На этом наши беды не закончились, и нас посетила свинка. Единственным светлым пятном в том доме были наши соседи Фирсовы. У них было много детей – по-моему, пять или даже семь, помню плохо. Они страшно нуждались. Мы с ними подружились, как часто бывает – общая беда сближает людей, делились друг с другом, чем могли, угощали всем, что имели.
Мама познакомилась в своем ателье «Лувре» с одной женщиной, тоже швеей-мастерицей Ефросиньей Васильевной Орловой, которая стала нашей спутницей по жизни до самой её смерти в 1982 г. А тогда ей было лет около 40. Она была вдовой белого полковника, умершего от туберкулёза, и у неё был взрослый сын Евгений, через много лет ставший вторым мужем моей мамы.
Ефросинья Васильевна снимала в большом 3-х этажном доме квартиру из трёх комнат в полуподвальном этаже, так что мы всегда в окно видели ноги проходящих. Одну комнату она занимала сама, а две другие сдавала. Узнав о нашем бедственном положении, она предложила маме снять у неё как раз одну из пустующих комнат.
Конечно, родители согласились, и мы переехали на улицу Санвейлу в этот большой дом. Рядом стоял точно такой же дом, и оба были обнесены высоким забором с большими воротами и привратницкой, в которой жил постоянно наш сторож китаец Та-дин.
Дома эти принадлежали китайской семье, которая жила в квартире напротив нас. Мы в детстве украдкой подглядывали в их окна, очень нам было интересно наблюдать за мадамой, когда она курила трубку с длинным чубуком и крошечной чашечкой на конце.
В каждом доме было по шесть квартир, и имелись парадный и черный ходы. Мы по преимуществу пользовались чёрным ходом, так как для нас это было быстрее и удобнее.
Помню день нашего заселения. Я вошла в длинный коридор, где размещались ванная и туалет, и вошла в кухню, где как раз находилась хозяйка, и она стала расспрашивать меня, как меня зовут, сколько мне лет, похвалила мои косы и спросила, отчего я такая худая. Действительно, в 5 лет я была, что называется, кожа да кости, у меня полностью отсутствовал аппетит. Не могли заставить меня есть ни уговорами, ни угрозами. Как-то мама дала мне куриную ножку. А сама вышла на кухню. Я скоренько закинула ножку за шкаф. «А где ножка?» – спросила мама. «Я её съела», – был ответ. Прямо, как у Льва Толстова в рассказе «Косточка».
Меня часто спрашивали даже незнакомые люди: «Девочка, ты что, воздухом питаешься?» И удивительное дело, при такой худобе были роскошные, густые, длинные волосы, что давало повод людям шутить: «У тебя, наверное, всё в волосы идёт». И вся я была волосатая, с густыми бровями и ресницами… Ах, куда всё подевалось!

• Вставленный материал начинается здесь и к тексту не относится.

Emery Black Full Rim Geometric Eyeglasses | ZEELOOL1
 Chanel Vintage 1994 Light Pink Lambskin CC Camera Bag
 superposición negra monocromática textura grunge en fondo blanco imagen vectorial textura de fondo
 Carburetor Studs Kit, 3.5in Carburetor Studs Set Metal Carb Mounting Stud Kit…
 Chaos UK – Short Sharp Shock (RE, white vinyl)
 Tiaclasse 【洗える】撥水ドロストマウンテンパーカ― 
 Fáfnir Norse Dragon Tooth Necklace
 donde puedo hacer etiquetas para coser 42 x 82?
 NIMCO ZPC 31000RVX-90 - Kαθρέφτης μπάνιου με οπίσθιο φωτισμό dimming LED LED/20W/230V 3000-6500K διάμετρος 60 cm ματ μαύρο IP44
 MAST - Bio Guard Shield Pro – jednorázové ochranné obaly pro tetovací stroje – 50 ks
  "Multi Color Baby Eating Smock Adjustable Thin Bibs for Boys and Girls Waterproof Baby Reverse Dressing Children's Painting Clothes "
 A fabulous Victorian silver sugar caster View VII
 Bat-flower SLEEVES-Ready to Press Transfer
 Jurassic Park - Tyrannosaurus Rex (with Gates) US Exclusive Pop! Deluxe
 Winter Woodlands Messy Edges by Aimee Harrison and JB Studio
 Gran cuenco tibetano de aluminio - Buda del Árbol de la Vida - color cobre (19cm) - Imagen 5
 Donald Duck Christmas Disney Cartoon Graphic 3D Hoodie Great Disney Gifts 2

Правда, к сладкому я имела огромное пристрастие и уж от лакомств никогда не отказывалась и была готова питаться одними пирожными и конфетами.
Кухлинг. В наш полуподвал часто приходил папин знакомый австриец по фамилии Кухлинг. Высокий мужчина средних лет с лысиной, всегда тщательно одетый, он имел аристократические манеры, всегда вежливый, любезный, целовал дамам ручки. Хорошо говорил по-русски. Он был женат недолго т.к. имел своеобразное хобби – никогда и нигде не работал. Как только он приходил, мама немедленно терла картошку и жарила драники, которые гость обожал.
Наевшись дранников, они с отцом садились играть в шахматы и воцарялась благоговейная тишина. Они играли часами, иногда вдруг у них возникал спор очень жаркий, яростный. Затем они приходили к согласию, и вновь наступала тишина. Кто из них выигрывал, не знаю, но папа был чемпионом игры города Харбина и имел приз – книгу о шахматах, на обложке которой была сделана дарственная из червонного золота. Родители эту надпись переплавили в обручальные кольца.
На что жил Кухлинг никто не знал. У него было много знакомых, которым он поочередно наносил визиты, и его везде охотно принимали. И вдруг Кухлинг исчез. Куда он делся никто не знал. Это было уже после 1945 года. Говорили, что его арестовал ДОБ (департамент общественной безопасности), т.к. он якобы оказался шпионом. Для нас, детей, это выглядело как приключение. В нашем доме и вдруг шпион! Это было так таинственно. Так и сгинул без следа этот Кухлинг – гражданин мира, одиночка без семьи, без близких.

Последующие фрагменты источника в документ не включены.